[Start of section]
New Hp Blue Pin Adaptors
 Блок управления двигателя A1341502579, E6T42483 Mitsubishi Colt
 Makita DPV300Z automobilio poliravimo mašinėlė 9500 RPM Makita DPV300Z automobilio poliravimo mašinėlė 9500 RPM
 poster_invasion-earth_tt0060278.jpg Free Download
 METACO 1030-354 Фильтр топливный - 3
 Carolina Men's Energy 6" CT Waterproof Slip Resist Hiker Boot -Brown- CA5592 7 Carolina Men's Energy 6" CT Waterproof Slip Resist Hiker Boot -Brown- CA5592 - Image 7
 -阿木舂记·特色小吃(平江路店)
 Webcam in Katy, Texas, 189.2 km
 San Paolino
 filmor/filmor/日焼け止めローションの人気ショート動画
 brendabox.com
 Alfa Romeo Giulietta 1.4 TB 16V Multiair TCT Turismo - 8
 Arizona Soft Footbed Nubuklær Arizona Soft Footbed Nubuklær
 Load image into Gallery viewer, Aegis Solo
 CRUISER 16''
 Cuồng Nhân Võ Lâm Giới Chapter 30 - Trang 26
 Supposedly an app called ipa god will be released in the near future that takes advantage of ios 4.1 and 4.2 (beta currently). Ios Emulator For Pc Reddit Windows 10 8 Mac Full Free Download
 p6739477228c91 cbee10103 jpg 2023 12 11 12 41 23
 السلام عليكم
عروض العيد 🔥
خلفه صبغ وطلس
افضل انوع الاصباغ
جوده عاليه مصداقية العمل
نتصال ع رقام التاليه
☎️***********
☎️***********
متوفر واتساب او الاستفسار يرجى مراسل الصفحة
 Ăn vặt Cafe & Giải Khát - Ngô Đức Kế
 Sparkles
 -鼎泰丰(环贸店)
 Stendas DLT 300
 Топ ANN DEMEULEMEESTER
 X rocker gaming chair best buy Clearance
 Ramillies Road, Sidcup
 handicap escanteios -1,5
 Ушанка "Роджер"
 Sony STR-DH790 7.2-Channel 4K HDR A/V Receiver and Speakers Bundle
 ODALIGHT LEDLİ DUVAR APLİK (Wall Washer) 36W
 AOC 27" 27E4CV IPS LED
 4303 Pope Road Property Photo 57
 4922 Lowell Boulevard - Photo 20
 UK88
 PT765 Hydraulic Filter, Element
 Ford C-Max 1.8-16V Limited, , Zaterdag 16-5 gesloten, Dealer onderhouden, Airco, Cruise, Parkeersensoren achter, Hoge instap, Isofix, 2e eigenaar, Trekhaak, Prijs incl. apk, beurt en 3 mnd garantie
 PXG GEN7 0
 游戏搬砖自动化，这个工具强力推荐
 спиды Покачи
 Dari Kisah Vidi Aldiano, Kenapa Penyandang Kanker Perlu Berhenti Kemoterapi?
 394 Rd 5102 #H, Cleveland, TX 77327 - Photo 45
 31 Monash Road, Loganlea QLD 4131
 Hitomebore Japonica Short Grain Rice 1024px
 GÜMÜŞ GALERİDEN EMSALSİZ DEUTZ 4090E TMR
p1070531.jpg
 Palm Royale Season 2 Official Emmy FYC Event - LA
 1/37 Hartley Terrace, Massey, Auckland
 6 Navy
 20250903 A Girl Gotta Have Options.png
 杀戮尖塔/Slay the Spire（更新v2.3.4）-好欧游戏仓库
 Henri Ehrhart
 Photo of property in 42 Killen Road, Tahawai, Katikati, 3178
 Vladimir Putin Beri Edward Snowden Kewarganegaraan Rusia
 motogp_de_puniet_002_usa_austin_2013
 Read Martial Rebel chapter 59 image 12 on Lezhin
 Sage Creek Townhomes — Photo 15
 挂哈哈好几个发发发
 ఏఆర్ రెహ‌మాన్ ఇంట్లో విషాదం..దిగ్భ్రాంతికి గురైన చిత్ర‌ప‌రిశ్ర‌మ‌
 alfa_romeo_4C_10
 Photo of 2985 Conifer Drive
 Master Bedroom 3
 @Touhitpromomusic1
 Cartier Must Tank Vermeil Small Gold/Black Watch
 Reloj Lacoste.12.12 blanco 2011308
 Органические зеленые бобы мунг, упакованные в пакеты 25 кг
[End of section]
WHAT TO PRODUCE:
Set down the lines of the records exactly, from the first one through the line containing "نتصال ع رقام التاليه", and add nothing else.

ANSWER TO THIS EXERCISE:
New Hp Blue Pin Adaptors
 Блок управления двигателя A1341502579, E6T42483 Mitsubishi Colt
 Makita DPV300Z automobilio poliravimo mašinėlė 9500 RPM Makita DPV300Z automobilio poliravimo mašinėlė 9500 RPM
 poster_invasion-earth_tt0060278.jpg Free Download
 METACO 1030-354 Фильтр топливный - 3
 Carolina Men's Energy 6" CT Waterproof Slip Resist Hiker Boot -Brown- CA5592 7 Carolina Men's Energy 6" CT Waterproof Slip Resist Hiker Boot -Brown- CA5592 - Image 7
 -阿木舂记·特色小吃(平江路店)
 Webcam in Katy, Texas, 189.2 km
 San Paolino
 filmor/filmor/日焼け止めローションの人気ショート動画
 brendabox.com
 Alfa Romeo Giulietta 1.4 TB 16V Multiair TCT Turismo - 8
 Arizona Soft Footbed Nubuklær Arizona Soft Footbed Nubuklær
 Load image into Gallery viewer, Aegis Solo
 CRUISER 16''
 Cuồng Nhân Võ Lâm Giới Chapter 30 - Trang 26
 Supposedly an app called ipa god will be released in the near future that takes advantage of ios 4.1 and 4.2 (beta currently). Ios Emulator For Pc Reddit Windows 10 8 Mac Full Free Download
 p6739477228c91 cbee10103 jpg 2023 12 11 12 41 23
 السلام عليكم
عروض العيد 🔥
خلفه صبغ وطلس
افضل انوع الاصباغ
جوده عاليه مصداقية العمل
نتصال ع رقام التاليه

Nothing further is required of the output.